Cryptocurrencies—A Short Overview

The coin selection algorithm used in the Bitcoin core is roughly 2000 rounds of random recursions to find a set of UTXOs that comes closest to the payment target 17. The Bitcoin core defines “dust” as the trace amount of Bitcoin remaining in a wallet or address that is unable to process the transaction as its value is below the transaction fee required. We define dust as a UTXO whose value is lower than the transaction fee to spend it. For example, a Pay to Public Key Hash(P2PKH) input is 148bytes, an output is 34 bytes, and the additional information in transaction data is 10 bytes. A transaction with two outputs should pay at least 192 satoshi with default minimum transaction fee (1 satoshi per byte). In this example, if the P2PKH input is lower than 192 satoshi then it is considered “dust”.

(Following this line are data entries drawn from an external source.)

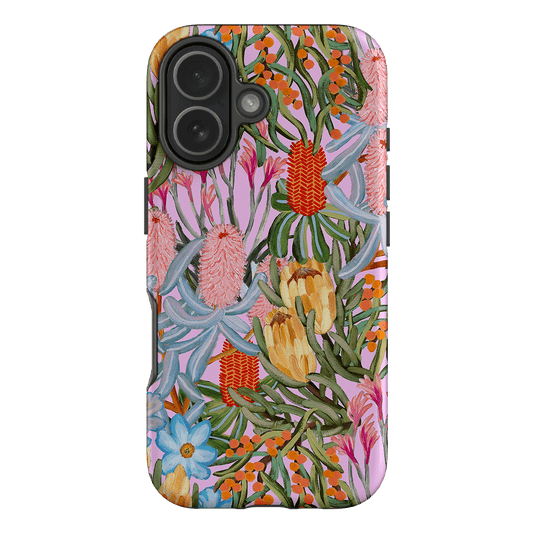 Floral Sorbet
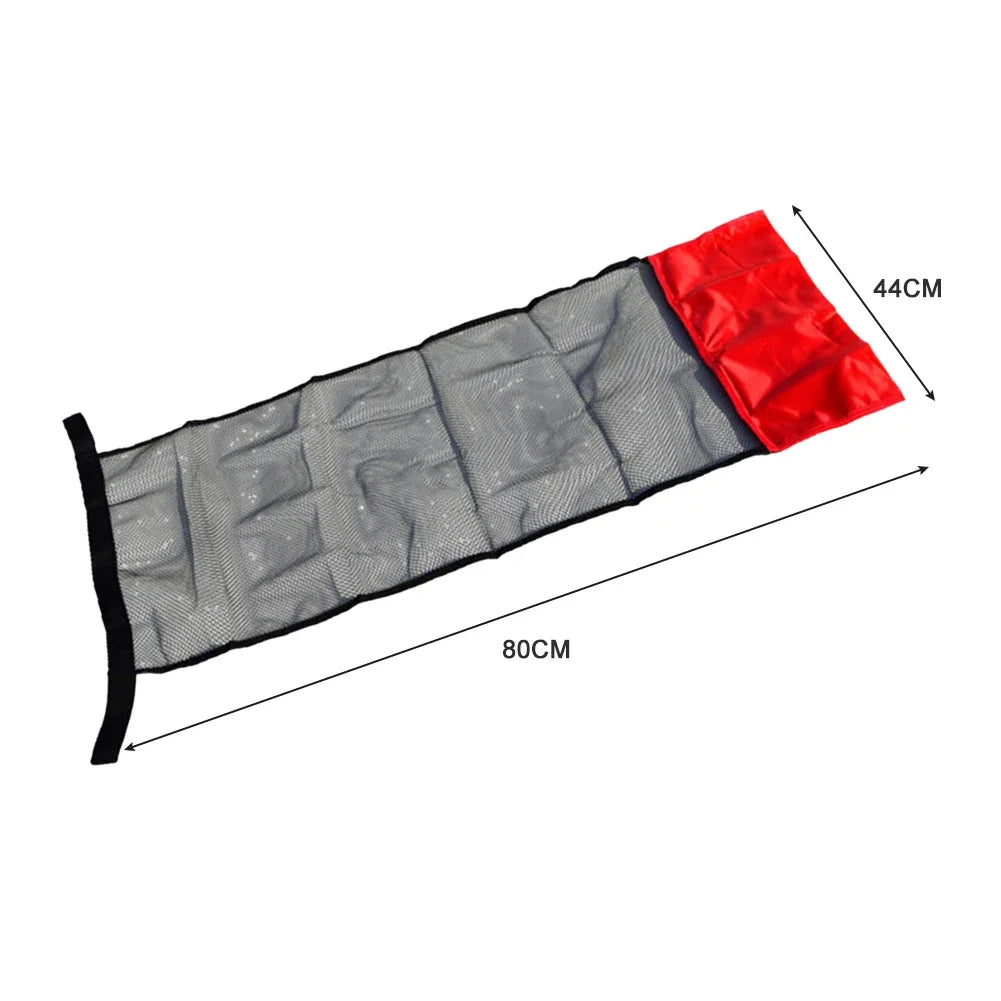 Red Swimming Pool Noodle – Soft, Non-Toxic, Lightweight Float for All Ages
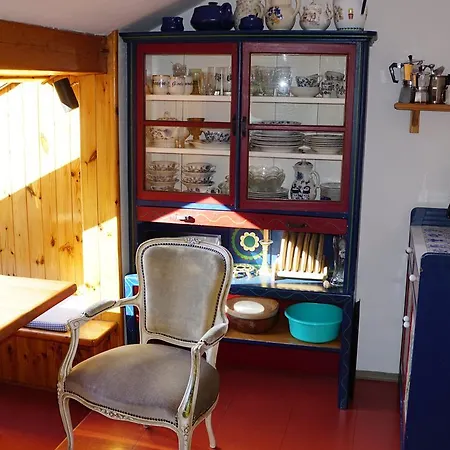 Apartamento Haus Gisela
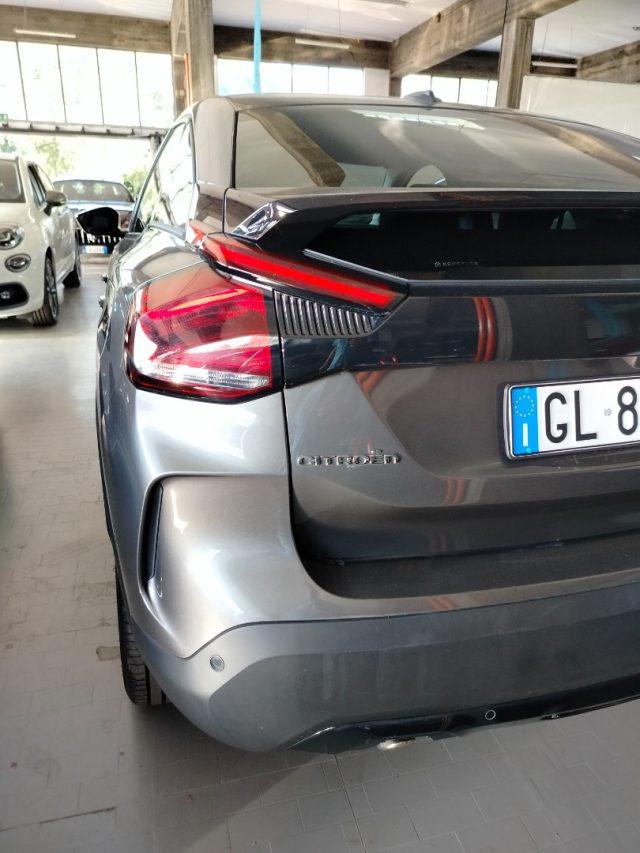 CITROEN C4 PureTech 130 EAT8 S&S Shine Pack AUTO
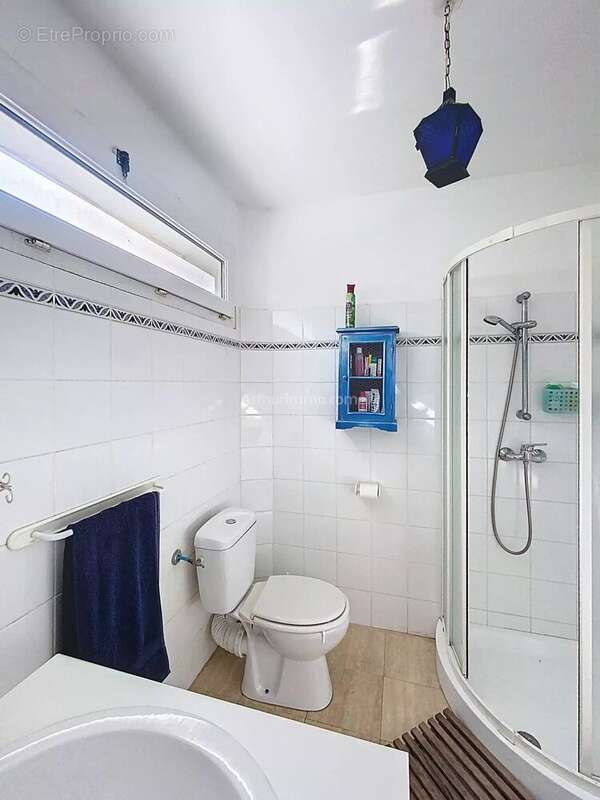 Appartement à ALGAJOLA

Crypto Asset Portfolio Selection

For each 100 rounds we compared the minimum, maximum, and average number of dust in each wallet to demonstrate the performance of the respective coin selection methods. Although Bitcoin’s method has the lowest minimum number of dust however the average number of dust in the Bitcoin’s method wallet is around 100. The result of Branch’n’Bound shows a the biggest range between minimum and maximum, it also has the highest average quantity of dust. Our proposed method stably maintains the number of dust in the wallet at a relatively low amount. Hence, demonstrating our coin selection method utilizes more dust when choosing the set of UTXOs used in each transaction without compromising low transaction fees. From the graph, it can be recognised that the results of methods BTC and BnB fluctuates majorly, while the GA method upholds a steady trend on a low amount of dust.

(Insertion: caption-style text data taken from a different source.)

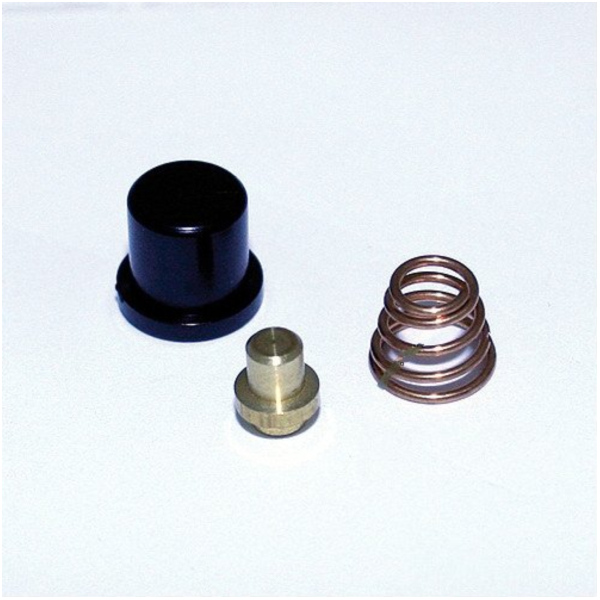 Horn / starter button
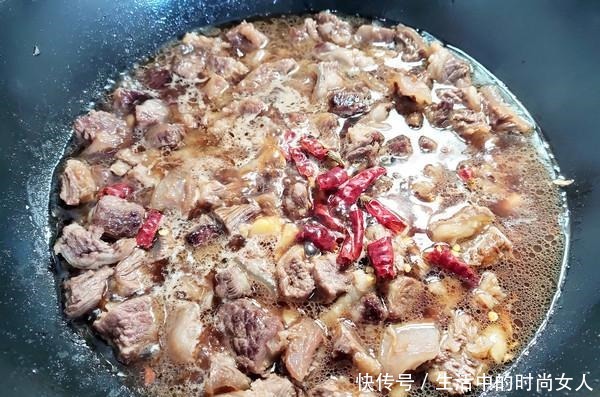 天冷了,少吃羊肉多吃它,温补养颜,味道鲜美,一道顶3道菜!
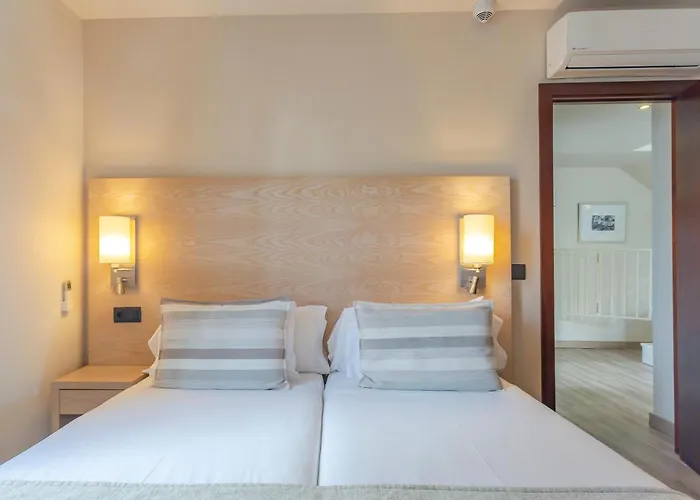 Boetiek Marins Playa Hotel Cala Millor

3. Future Research and Limitations

This is iterated for 1000 rounds, whereby the number of dust remaining in each wallet after each round is recorded. During the first experiment, we conducted 8 sets of simulations, each of which was performed for 100 or 1000 rounds. For the first 6 sets of simulations, we randomly generated n positive integers between a certain range shown in the first column of Tables 1 and 2 as available UTXOs for each simulation. For the last three sets, we obtained three real Bitcoin accounts’ UTXOs as available UTXOs. In each round, a random selection of UTXOs is summed up and set as the target amount. The number of bytes occupied by transaction inputs and transaction outputs can vary and depend on their respective amounts.

While this was not a complication in a controlled experimental environment, it could pose to be a hindrance in realising the benefits of this strategy in a real-world situation. Further research on improving the speed and time of this coin selection method will be relevant for the near future. The method described in this paper uses Bitcoin as the main subject and environment of experimentation.

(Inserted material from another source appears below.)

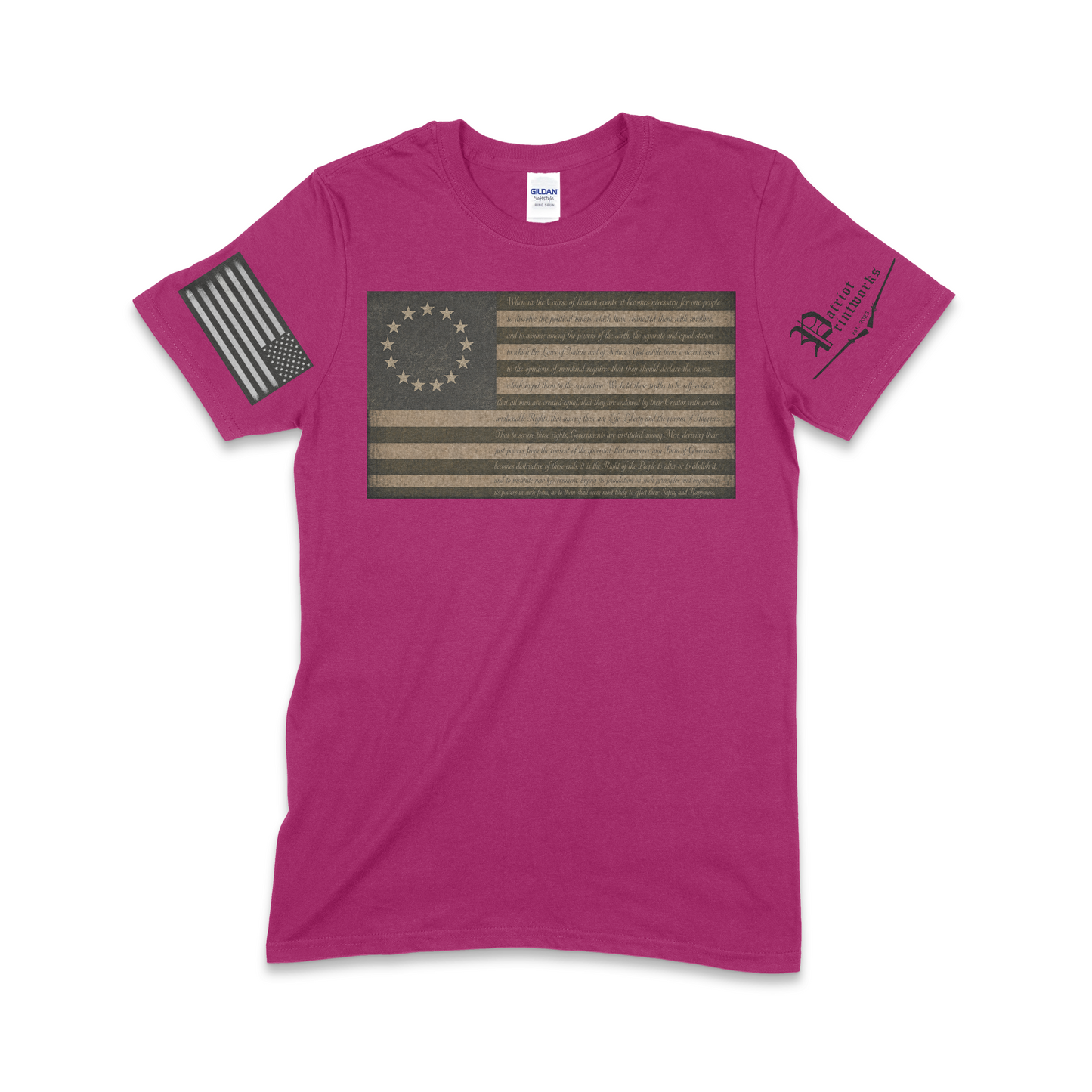 American Independence T-Shirt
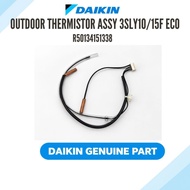 R50134151338 | ASSY, THER 3SLY10/15F ECO-C FOR OUTDOOR RKF35AV1M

It selects the UTXO that exceeds the target and generates two new coins one being paid and the other as “change”. Usually, it will assemble multiple coins to reach the target transaction amount. These complexities prove to have further ramifications when other factors are put into consideration such as transaction fees and production of dust. It needs to be noted that transaction fees are calculated based on the selection situation of coins in a transaction.